The history of computer programming language development can often be best understood in the light of attempts to master the complexity of computer programs, which otherwise becomes more difficult to understand in proportion (perhaps exponentially) to the size of the programs. (Another way of looking at the evolution of programming languages is simply as a way of getting the computer to do more and more of the work, but this may be a different way of saying the same thing). Lack of understanding of a program's overall structure and functionality is a sure way to fail to detect errors in the program, and thus the use of better languages should, conversely, reduce the number of errors by enabling a better understanding.
Improvements in languages tend to provide incrementally what software design has attempted to do in one fell swoop: consider the software at ever greater levels of abstraction. Such inventions as statement, sub-routine, file, class, template, library, component and more have allowed the arrangement of a program's parts to be specified using abstractions such as layers, hierarchies and modules, which provide structure at different granularities, so that from any point of view the program's code can be imagined to be orderly and comprehensible.

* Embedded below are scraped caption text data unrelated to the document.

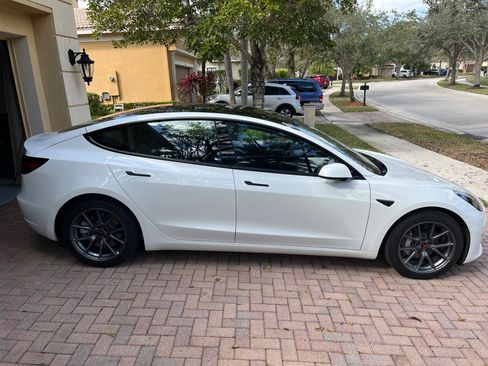 Used 2022 Tesla Model 3 image 8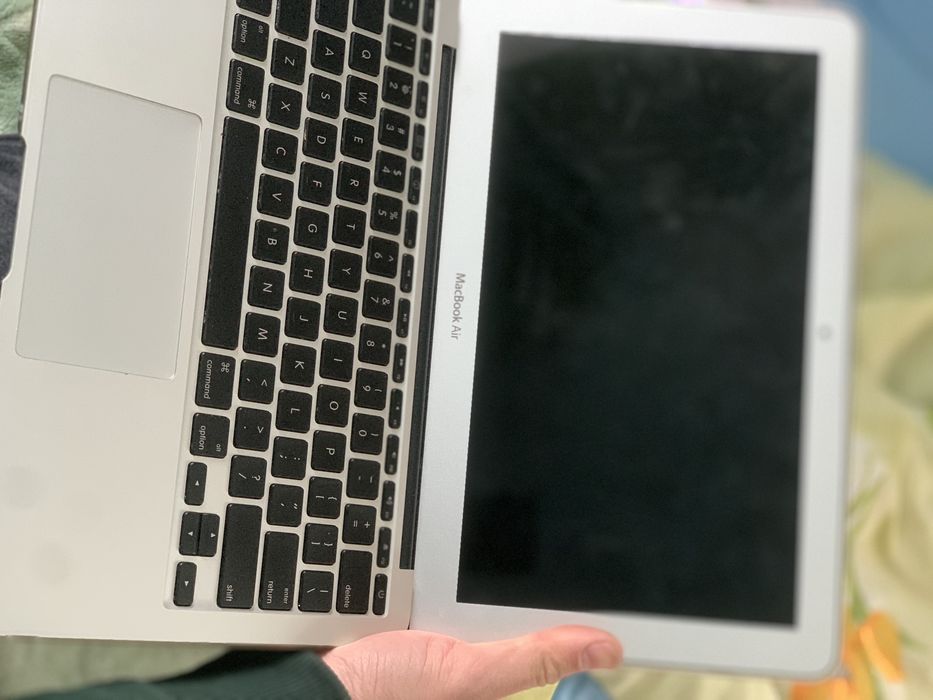 Macbook air в отличном состоянии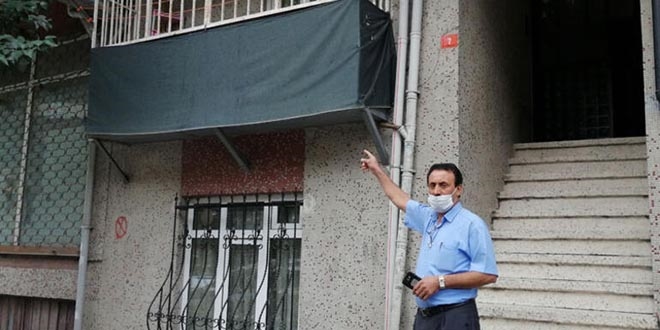 Balkonda çamaşır asarken kafasından vuruldu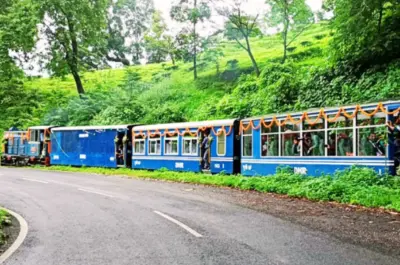Darjeeling Toy Train : पहाड़ों की रानी दार्जिलिंग की यात्रा करने वाले पर्यटकों के लिए खुशखबरी,1 अक्टूबर से विशेष टॉय ट्रेन भ्रमण सेवाएं शुरू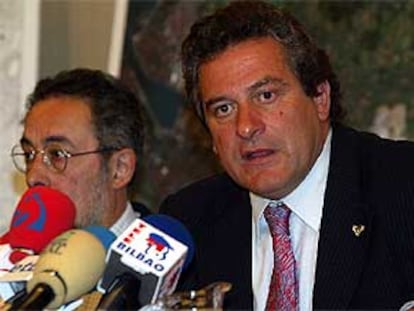 El rector de la UPV, Manuel Montero, durante su comparecencia ayer en el campus de Leioa.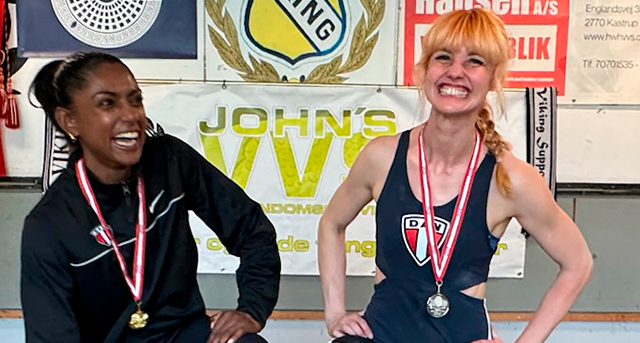 Janany og Katrine til DM 5-kamp_slide_poster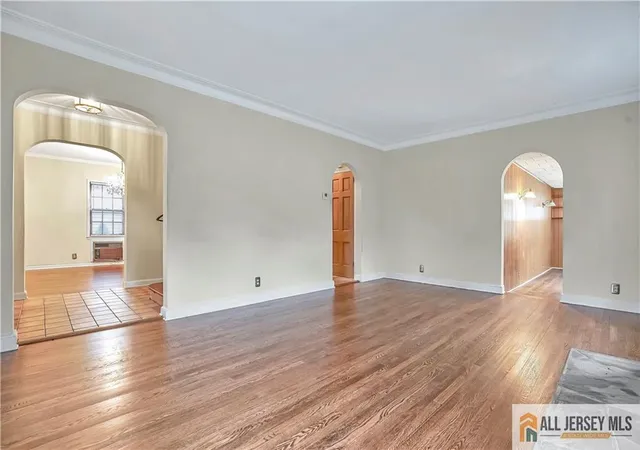 Photo 4 of Single family home for sale at 492 Twin Oaks Rd, Union, NJ 07083 | MLS# 2560535M | Listing updated on 2025-01-01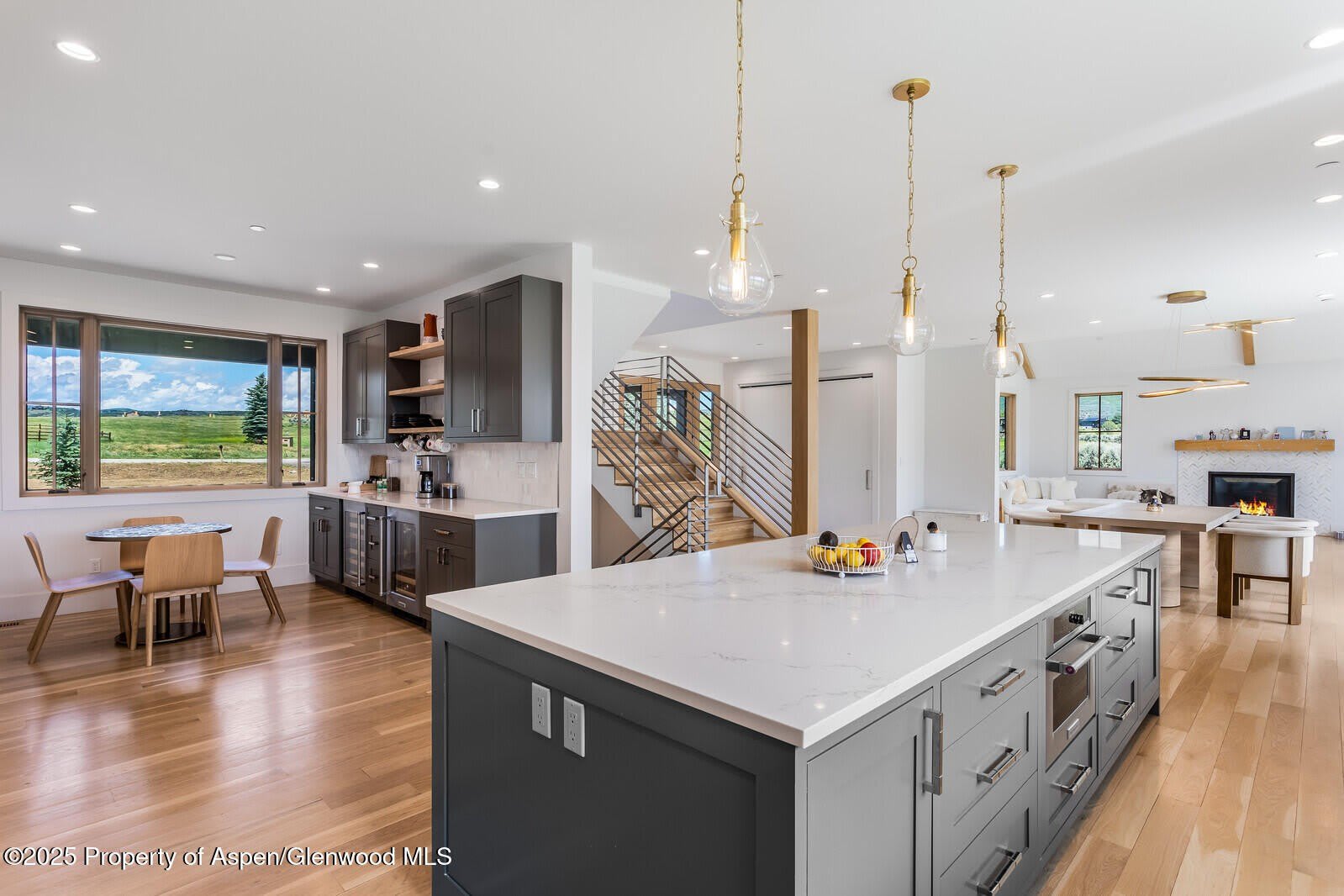 577 Fox Run Drive – photo 3
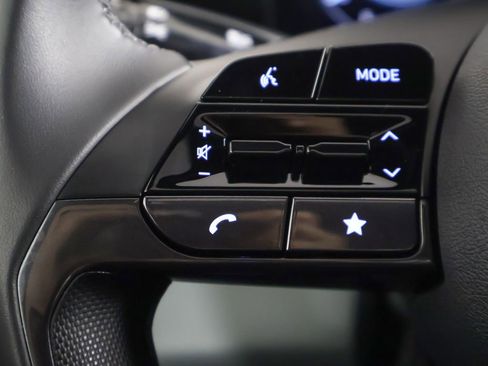 Certified 2025 Hyundai Elantra Limited image 40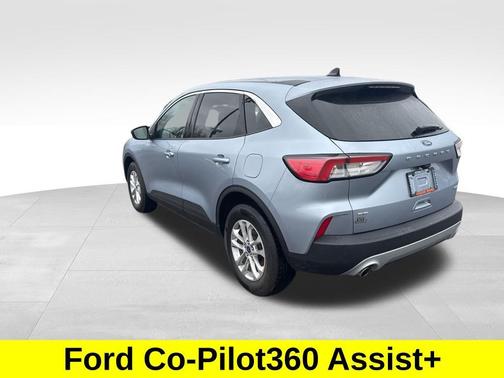 Ice Blue 2022 Ford Escape SE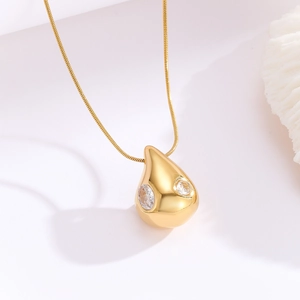 Collier pendentif goutte d'or poli avec zircons sur une chaîne serpent élégante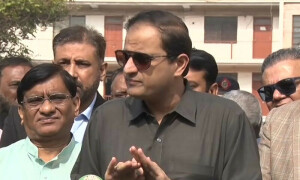 کراچی میں خوف کی فضا نہیں، بارش کے حوالے سے بلدیاتی اداروں نے کام کیا، مرتضیٰ وہاب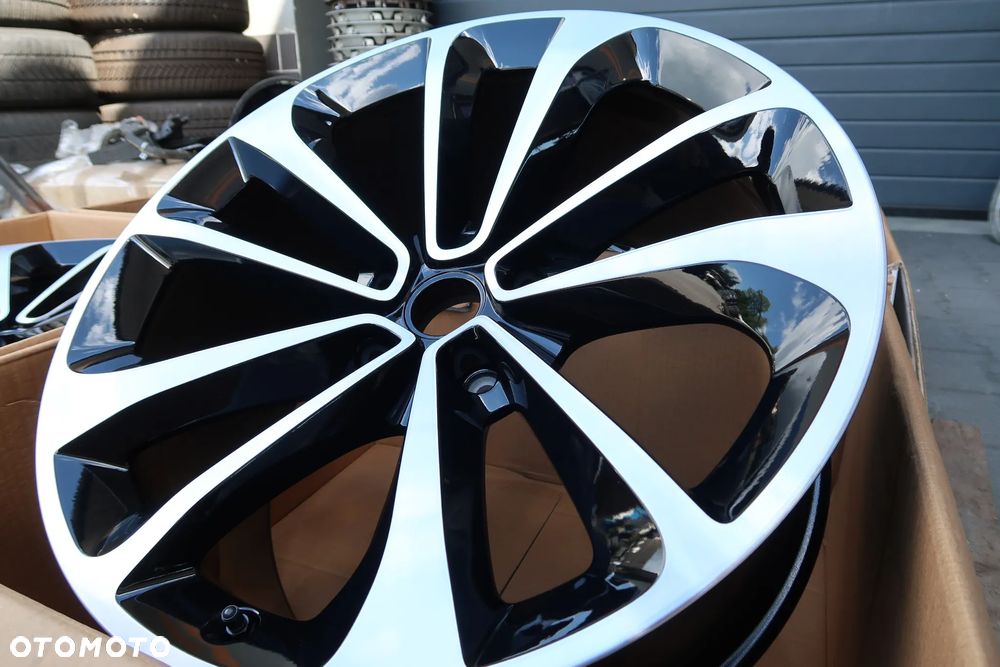 Nowe felgi Bentley Bentayga 21'' - 1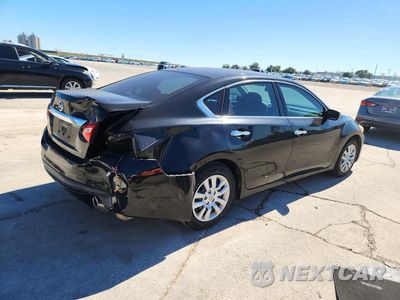 Trzecie zdjęcie samochodu z tyłu: 2017 NISSAN ALTIMA 2.5 S VIN:1N4AL3AP6HC194753 - miniatura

In addition, improvements in languages have enabled more exact control over the shape and use of data elements, culminating in the abstract data type. These data types can be specified to a very fine degree, including how and when they are accessed, and even the state of the data before and after it is accessed..
Software Build and Deployment
Many programming languages such as C and Java require the program "source code" to be translated in to a form that can be executed by a computer. This translation is done by a program called a compiler. Additional operations may be involved to associate, bind, link or package files together in order to create a usable runtime configuration of the software application. The totality of the compiling and assembly process is generically called "building" the software.
The software build is critical to software quality because if any of the generated files are incorrect the software build is likely to fail. And, if the incorrect version of a program is inadvertently used, then testing can lead to false results.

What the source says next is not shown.